As the AfD's divisions burst into the open, Merkel was beginning the delicate task of building a new coalition government. Preliminary results showed Merkel's CDU/CSU group would still be the largest bloc in the Bundestag, but with its lead cut to 33.5%, down from 41.5% in 2013 -- the party's worst result since 1949.

Voters punished Merkel for her decision in 2015 to allow more than a million refugees into the country at the height of the European migrant crisis.

Her former partners in government, the center-left SPD, decided to return to opposition after exit polls suggested its share of the vote fell to 21.6% from 25.7% in 2013. It was the SPD's lowest share of the vote since 1945.

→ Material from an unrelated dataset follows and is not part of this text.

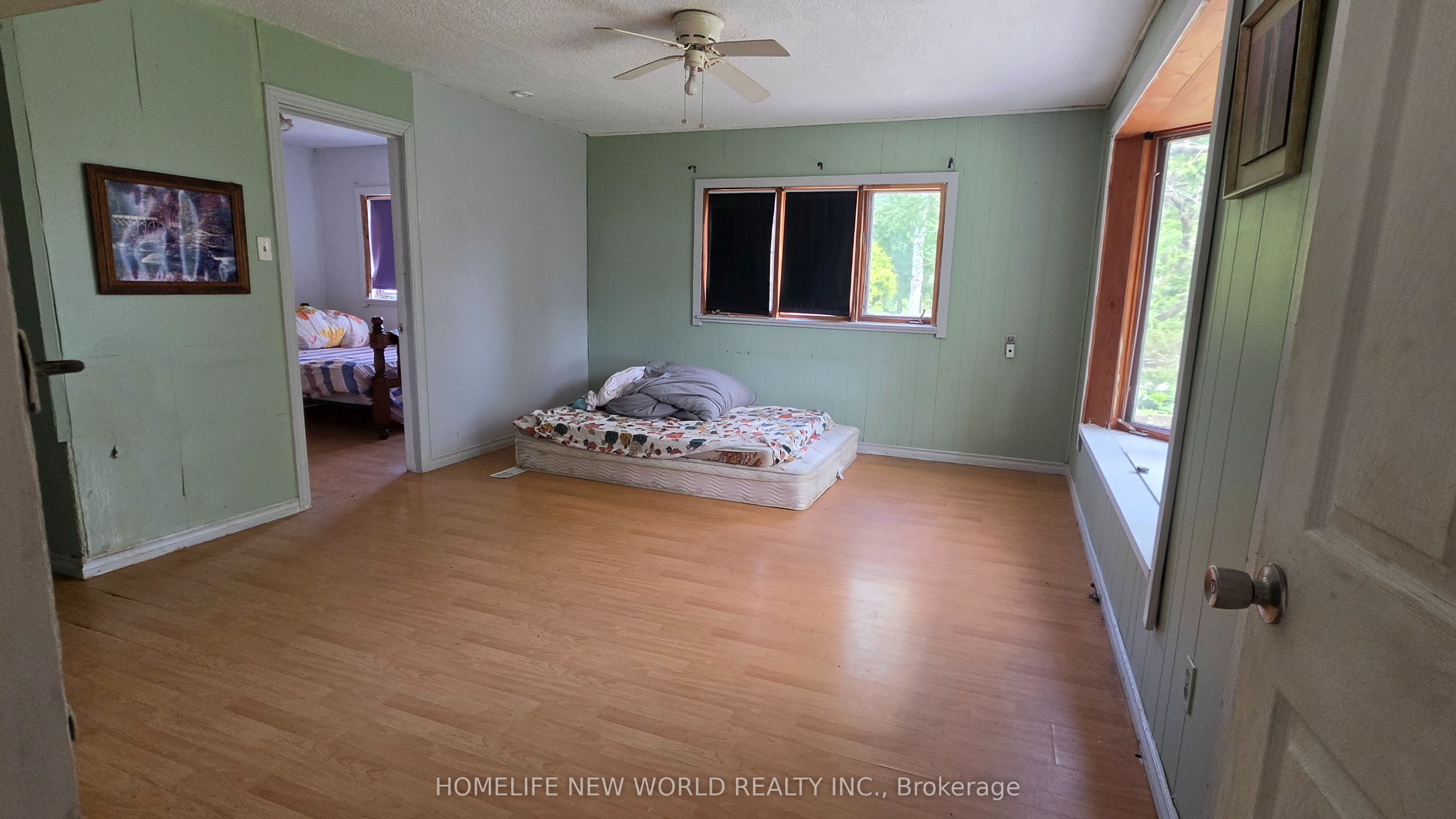 814 Thomasburg Road Property Photo 12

To secure her fourth term in office, Merkel is expected to attempt to make a deal with the Green Party and the FDP -- the so-alled "Jamaican coalition" option (the green and yellow of the two smaller parties combine with the black of the CDU to resemble the flag of Jamaica). The new grouping would be significantly weaker than the previous government, a "grand coalition" between Germany's two biggest parties.

Merkel said she was confident that a new government would be in place before Christmas, and noted that no other group could build a coalition against her. But she faces a tough battle to build a government that is strong enough to hold back the rise of the AfD.

There is no guarantee that Merkel will come to a deal with the FDP and the Greens -- both parties bitterly oppose each other and will be wary of the fate of the SPD, which suffered from its proximity to Merkel in the last government and struggled to mount an effective election campaign under leader Martin Schultz.

Addressing her supporters in Berlin Sunday night, Merkel pledged to try and understand the concerns of voters who defected to the far right. "There's a big new challenge for us, and that is the entry of the AfD in the Bundestag," she said. "We want to win back AfD voters."

The AfD polled particularly strongly in the former East Germany, which includes Berlin, attracting 21.5% of the vote, according to exit polling conducted by by Infratest Dimap. In the West, it scored about 11%, the projections said. The results put the AfD on course to become the second largest party in the east, after the CDU.

"First, this is about our success, but also about the failure of others," Gauland told reporters. "In the Bundestag we want to be a clear opposition," he said.